WHAT YOU WILL DO
No pictures go into the copy. Write out exactly the lines below from the one containing "Now from there" through the one containing "In order to".

RECORDS TO PROCESS
..............................

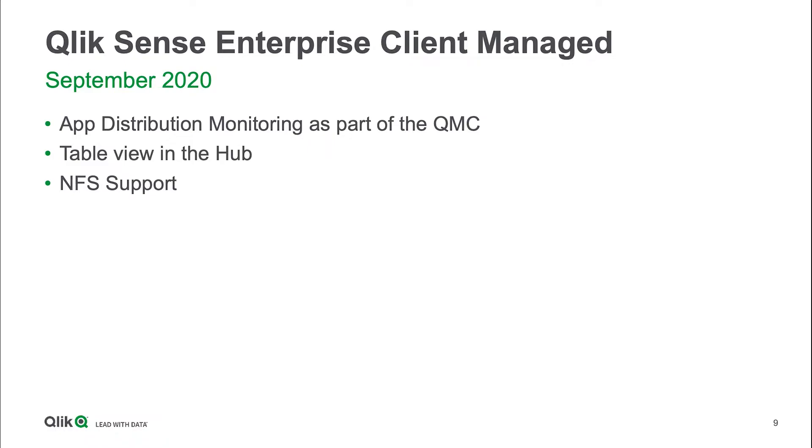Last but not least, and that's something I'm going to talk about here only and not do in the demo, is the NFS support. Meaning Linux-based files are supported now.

..............................

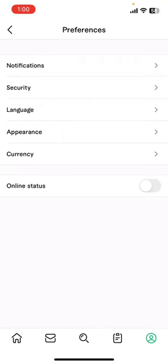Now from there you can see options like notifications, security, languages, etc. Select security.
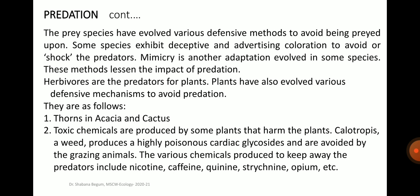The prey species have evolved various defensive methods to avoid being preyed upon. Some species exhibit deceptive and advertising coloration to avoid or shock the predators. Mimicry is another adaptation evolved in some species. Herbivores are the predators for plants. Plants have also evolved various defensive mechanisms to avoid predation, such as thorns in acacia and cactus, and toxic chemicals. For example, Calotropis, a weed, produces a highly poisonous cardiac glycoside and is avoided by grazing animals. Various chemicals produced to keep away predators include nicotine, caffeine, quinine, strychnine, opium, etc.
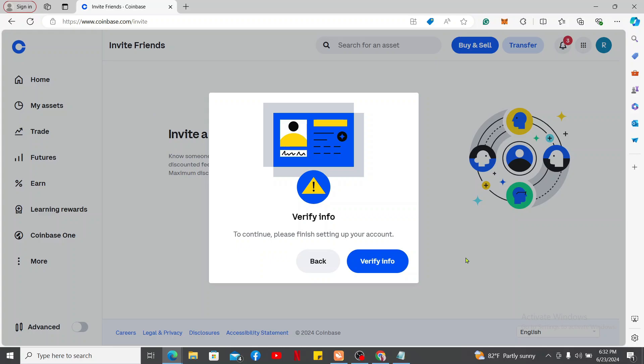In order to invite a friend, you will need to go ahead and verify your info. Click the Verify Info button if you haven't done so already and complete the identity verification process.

..............................

SOLUTION TO THIS PROBLEM
Now from there you can see options like notifications, security, languages, etc. Select security.
The prey species have evolved various defensive methods to avoid being preyed upon. Some species exhibit deceptive and advertising coloration to avoid or shock the predators. Mimicry is another adaptation evolved in some species. Herbivores are the predators for plants. Plants have also evolved various defensive mechanisms to avoid predation, such as thorns in acacia and cactus, and toxic chemicals. For example, Calotropis, a weed, produces a highly poisonous cardiac glycoside and is avoided by grazing animals. Various chemicals produced to keep away predators include nicotine, caffeine, quinine, strychnine, opium, etc.
In order to invite a friend, you will need to go ahead and verify your info. Click the Verify Info button if you haven't done so already and complete the identity verification process.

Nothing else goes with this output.